Der Emissionshandel hat als Instrument gegen den Klimawandel versagt. Da es keine globale Obergrenze für CO-2-Emissionen gäbe, sind Schlupflöcher entstanden, die z.T. Mehremissionen erzeugen, so Alice Bows-Larkin vom Tyndall Centre. Zudem würden problematische Projekte wie Megastaudämme gefördert. Die Einbeziehung von Wäldern und Böden in den Emissionshandel folge zudem einer „perversen Logik“, so der bolivianische Ex-Chefunterhändler Pablo Solón. Nur diejenigen, die weniger als vorher abholzen, würden mit Emissionszertifikaten belohnt. Beunruhigend sei vor allem, dass zunehmend Kohlendioxid-Speicherung und Geo-Engeneering als Zukunftslösungen einkalkuliert würden. Statt solche gefährlichen Lösungen zu verfolgen müsse die Politik die Ursachen der Verschmutzung stoppen. Die Förderung von Kohle, Öl und Gas müsse gedrosselt werde. Stattdessen hielten die Regierungen weiter an einem System fest, das aus dem Klimaschutz ein Business mache.

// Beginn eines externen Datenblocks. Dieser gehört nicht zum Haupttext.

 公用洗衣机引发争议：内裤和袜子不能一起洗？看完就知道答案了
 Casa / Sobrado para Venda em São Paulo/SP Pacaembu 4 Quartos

Der Infrastrukturumbau von fossilen Energien hin zu erneuerbaren müsse fair ablaufen und die Arbeiter einschließen, sagt Janet Redman vom Institute for Policy Studies. Dafür brauche man eine progressive Kohlenstoffsteuer und staatliche Ordnungspolitik. Die Maßnahmen sollten vor allem die Reichen dazu bringen ihren Lebensstil zu schrumpfen, während arme Schichten die Chance erhielten, sich weiter zu entwickeln. Die Möglichkeiten, über technische Lösungen die Emissionen gemäß des 2-Grad-Ziels zu reduzieren, seien jedoch begrenzt. Daher, so Bows-Larkin, müsste auch die Nachfrage an Energie reduziert werden. Kleinbäuerliche und kommunale Lösungen sollten stärker verfolgt werden. In Deutschland, so Klimaaktivist Tadzio Müller, müsse das klimaschädliche Handelsabkommen TTIP verhindert, die Autoindustrie geschrumpft und der Kohleausstieg in einem Jahrzehnt vollzogen werden. Dazu sei auch ziviler Ungehorsam notwendig.